━━ COLLECTED DATA

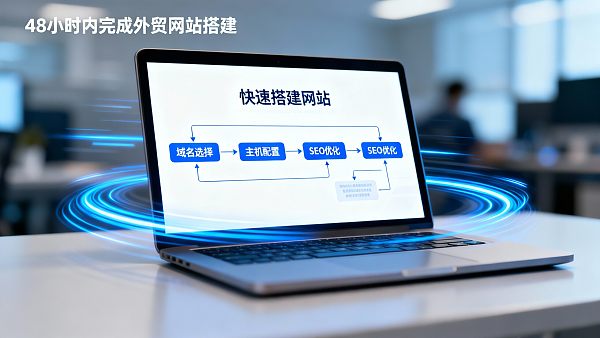 48 시간 온라인 해외 무역 스테이션에 도움이되는 광동 빠른 구축 웹 사이트 실용 가이드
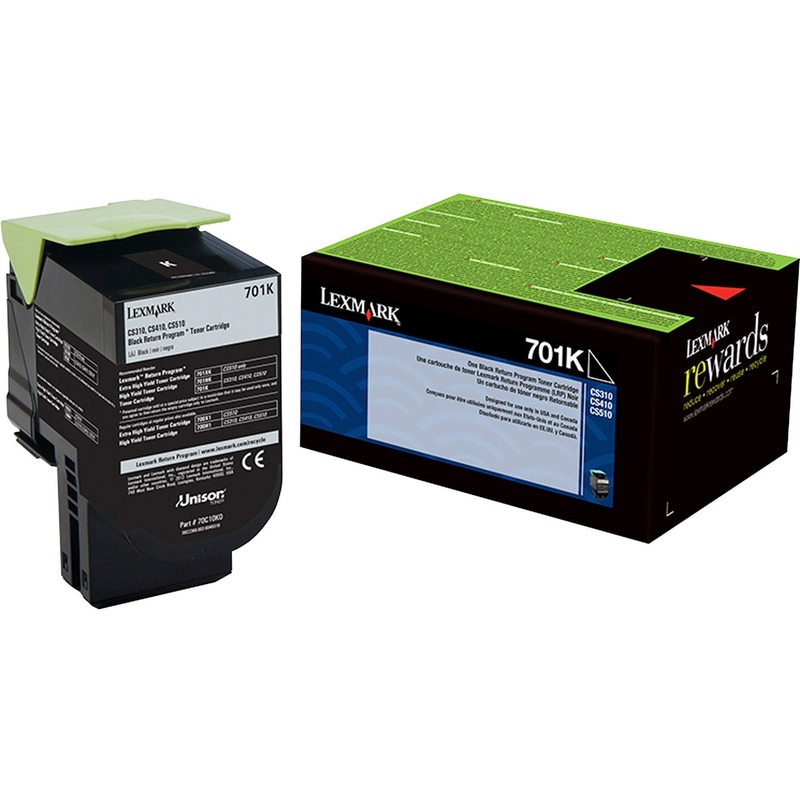 Lexmark Unison 701K Toner Cartridge – LEX70C10K0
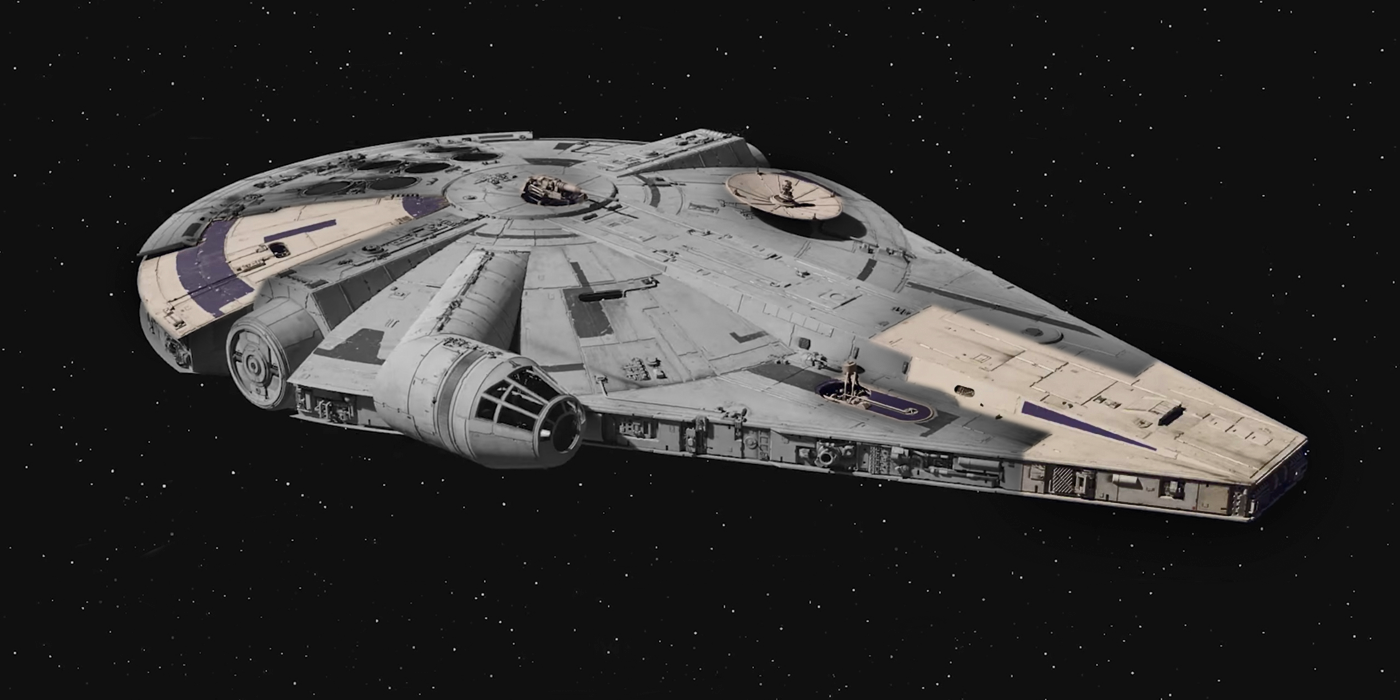 toyworld millennium falcon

━━━━

▸ ABOUT THIS TASK
Please retype the whole listing above word for word and drop the pictures.

▸ ANSWER SPACE
 48 시간 온라인 해외 무역 스테이션에 도움이되는 광동 빠른 구축 웹 사이트 실용 가이드
 Lexmark Unison 701K Toner Cartridge – LEX70C10K0
 toyworld millennium falcon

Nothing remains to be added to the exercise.